Ion concentration is a measure of the amount of dissolved ions present in a particular volume of solution. It is usually expressed as molarity, which is moles of solute per liter of solution (mol/L). For a saturated solution in equilibrium with a precipitate, the ion concentration can be directly related to the solubility product constant (Ksp).

After determining the number of moles of \(\mathrm{CaCrO}_{4}\) that precipitated from the solution, the next step is to establish the concentration of the constituent ions \(\mathrm{Ca}^{2+}\) and \(\mathrm{CrO}_{4}^{2-}\). Since for each mole of \(\mathrm{CaCrO}_{4}\) that dissolves, one mole of \(\mathrm{Ca}^{2+}\) and one mole of \(\mathrm{CrO}_{4}^{2-}\) ions are formed, their concentrations are equal and directly calculated from the moles of \(\mathrm{CaCrO}_{4}\) as derived from the precipitated mass.

Molarity

Molarity is a measure of the concentration of a solute in a solution. It is defined as the number of moles of solute divided by the volume of solution in liters. Represented by the symbol 'M', its unit of measure is moles per liter (mol/L). For example, a 1 M solution contains 1 mole of solute per liter of solution.

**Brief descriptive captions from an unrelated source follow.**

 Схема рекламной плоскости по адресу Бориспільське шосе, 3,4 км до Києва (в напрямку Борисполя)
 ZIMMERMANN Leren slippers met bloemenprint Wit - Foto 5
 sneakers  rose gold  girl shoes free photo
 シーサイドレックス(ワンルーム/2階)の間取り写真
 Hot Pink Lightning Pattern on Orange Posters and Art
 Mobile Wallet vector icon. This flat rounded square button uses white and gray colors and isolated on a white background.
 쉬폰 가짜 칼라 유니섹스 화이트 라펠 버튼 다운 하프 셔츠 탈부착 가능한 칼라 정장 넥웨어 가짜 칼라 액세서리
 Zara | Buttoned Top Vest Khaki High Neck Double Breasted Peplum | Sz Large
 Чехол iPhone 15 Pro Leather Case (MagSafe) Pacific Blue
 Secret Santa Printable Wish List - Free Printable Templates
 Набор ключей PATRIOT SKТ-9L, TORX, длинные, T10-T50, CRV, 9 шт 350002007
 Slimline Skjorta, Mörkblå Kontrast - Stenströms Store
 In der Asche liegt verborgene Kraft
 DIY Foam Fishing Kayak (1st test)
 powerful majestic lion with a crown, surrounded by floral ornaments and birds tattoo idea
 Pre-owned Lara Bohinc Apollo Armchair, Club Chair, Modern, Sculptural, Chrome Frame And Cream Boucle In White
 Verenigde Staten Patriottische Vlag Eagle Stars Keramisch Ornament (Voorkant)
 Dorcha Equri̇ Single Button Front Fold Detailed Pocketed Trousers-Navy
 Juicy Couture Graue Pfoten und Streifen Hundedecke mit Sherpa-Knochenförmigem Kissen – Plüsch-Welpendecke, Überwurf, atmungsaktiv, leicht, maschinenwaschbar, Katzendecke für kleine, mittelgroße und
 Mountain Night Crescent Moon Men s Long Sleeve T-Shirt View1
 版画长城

In the given exercise, molarity plays a significant role in the calculation of the solubility product constant (Ksp). The solubility of \(\mathrm{CaCrO}_{4}\) is expressed in terms of the molarity of its ions. The concentration of these ions is obtained by dividing the moles of \(\mathrm{CaCrO}_{4}\) by the volume of the solution, which must be in liters. To ensure accuracy, it's crucial to convert the volume from milliliters to liters before doing this calculation.

As the volume of the solution influences the molarity, and consequently, the Ksp value, proper conversion and precise molarity determination are key steps in solving solubility equilibrium problems.